DATA BELOW
▽
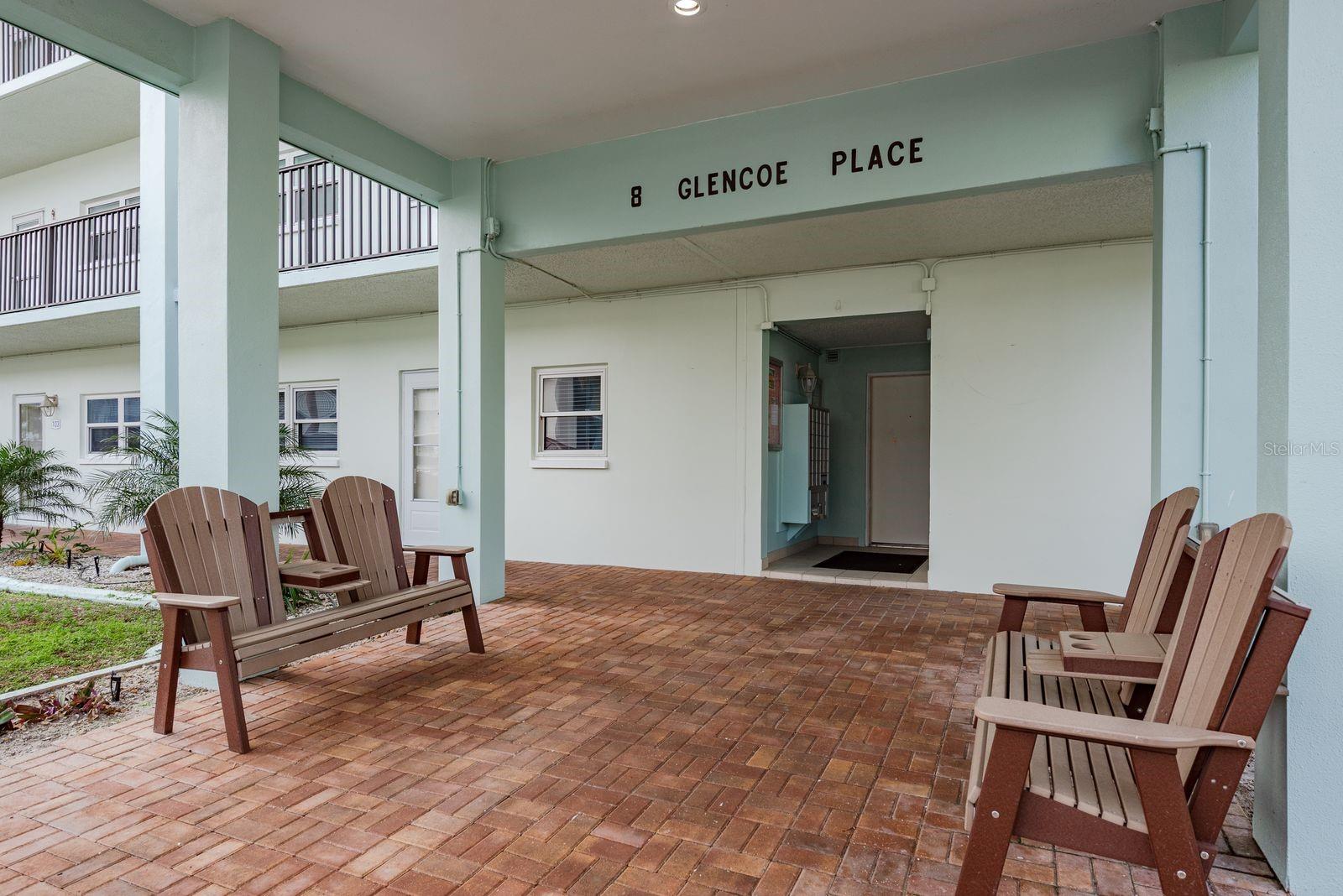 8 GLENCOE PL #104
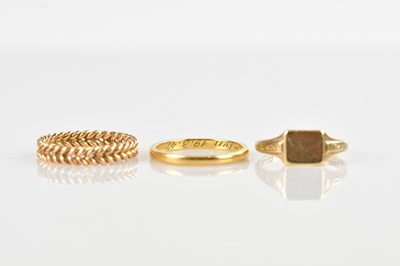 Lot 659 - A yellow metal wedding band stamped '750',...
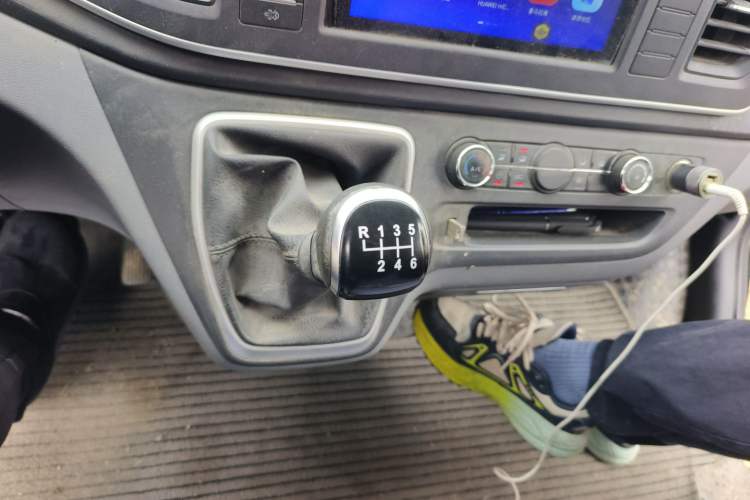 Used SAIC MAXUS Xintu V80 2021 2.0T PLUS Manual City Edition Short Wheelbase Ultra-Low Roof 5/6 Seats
△
EXERCISE GOAL
Extract, word for word, every line from the one containing "Lot 659 - A" to the end of the data above, both ends included, and leave out the pictures.

TASK RESULT
 Lot 659 - A yellow metal wedding band stamped '750',...
 Used SAIC MAXUS Xintu V80 2021 2.0T PLUS Manual City Edition Short Wheelbase Ultra-Low Roof 5/6 Seats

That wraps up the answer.